# Unit 3 Lecture 9 - Introduction to Maximum Likelihood Estimation

## Method of Moments

$E[X^k]$ is the $k$th moment of an R.V. $X$. 

### $\frac{1}{n} \sum_{i=1}^n X_i^k$ 

is the estimator for the $k$th moment. A combination of method of moments estimators can be used to estimate a parameter, such as in $\sigma^2 = E[X^2] - (E[X])^2$. 

Provides consistent, but often biased estimators.

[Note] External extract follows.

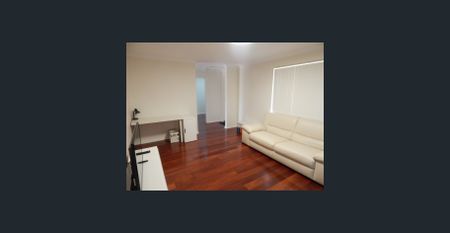 Partly Furnished 3x1 Villa - Home Open Monday 8/12 at 4.40-5pm - Photo 2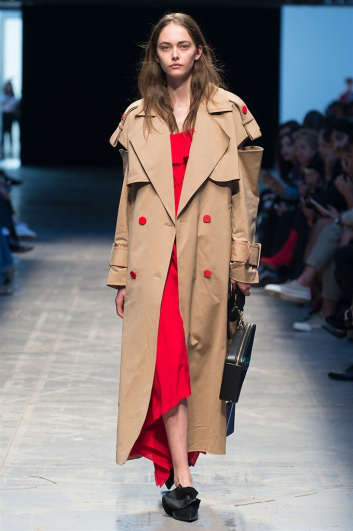 Fotoservizio/SS 2018/WOMEN/ANNAKIKI/DP2/8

## Maximum Likelihood Estimation

- $L_n := L(\theta | X_1, ..., X_n) = \prod_{i=1}^n f(X_i | \theta)$ 

takes a sample $\{X_1,...,X_n\}$ and a parameter $\theta$ and gives the likelihood the sample was created from a distribution with PDF/PMF $f$. Geometrically, it finds the maximum, or peak, of the likelihood function.

- Requires iid.

- $\hat{\theta}_{MLE}$ is the $\theta$ that maximizes $L_n$ $\forall \theta \in \Theta$.

Examples:

- Bernoulli: $p^{\sum x_i}(1-p)^{n - \sum x_i}$
- Poisson: $\dfrac{\lambda^{\sum x_i}}{\prod x_i!}e^{-n \lambda}$
- Gaussian: $\dfrac{1}{(\sigma \sqrt{2 \pi})^n} exp(- \dfrac{1}{2 \sigma^2} \sum (x_i - \mu)^2)$
- Exponential: $\lambda^n exp(- \lambda \sum x_i)$

### Estimator w/ Indicator 

An MLE estimator might have an indicator attatched to it, such as with

$\lambda^n exp(- \lambda \sum x_i) \mathbb{1}(x_i > 0) = \lambda^n exp(- \lambda \sum x_i) \mathbb{1}(min(x_i) > 0)$

However, since in this class the model is always well-specified, $x_i$ samples will always be $> 0$, making the indicator unnecessary. Only indicators that depend on the parameter are relevant.



### Concave, Convex

If the second derivative of $L_n$ is negative (resp. positive) over all of $\theta$, the function is strictly concave (resp. strictly convex). If $L_n$ is strictly concave and the argmax is finite, setting $\frac{d}{d\theta}[L_n] = 0$ finds the maximum. Then, solving for $\theta$ gives $\hat{\theta}_{MLE}$.

<table>
    <tr>
        <th>concave</th>
        <th>$g \prime \prime (x) \leq 0$</th>
    </tr>
    <tr>
        <th>strictly concave</th>
        <th>$g \prime \prime (x) < 0$</th>
    </tr>
    <tr>
        <th>convex</th> 
        <th>$g \prime \prime (x) \geq 0$</th>
    </tr>
    <tr>
        <th>strictly convex</th>
        <th>$g \prime \prime (x) > 0$</th>
    </tr>
</table>

### Log-likelihood

Maximizing $ln(L_n)$ will also maximize $L_n$, since $ln$ is a monotonic function.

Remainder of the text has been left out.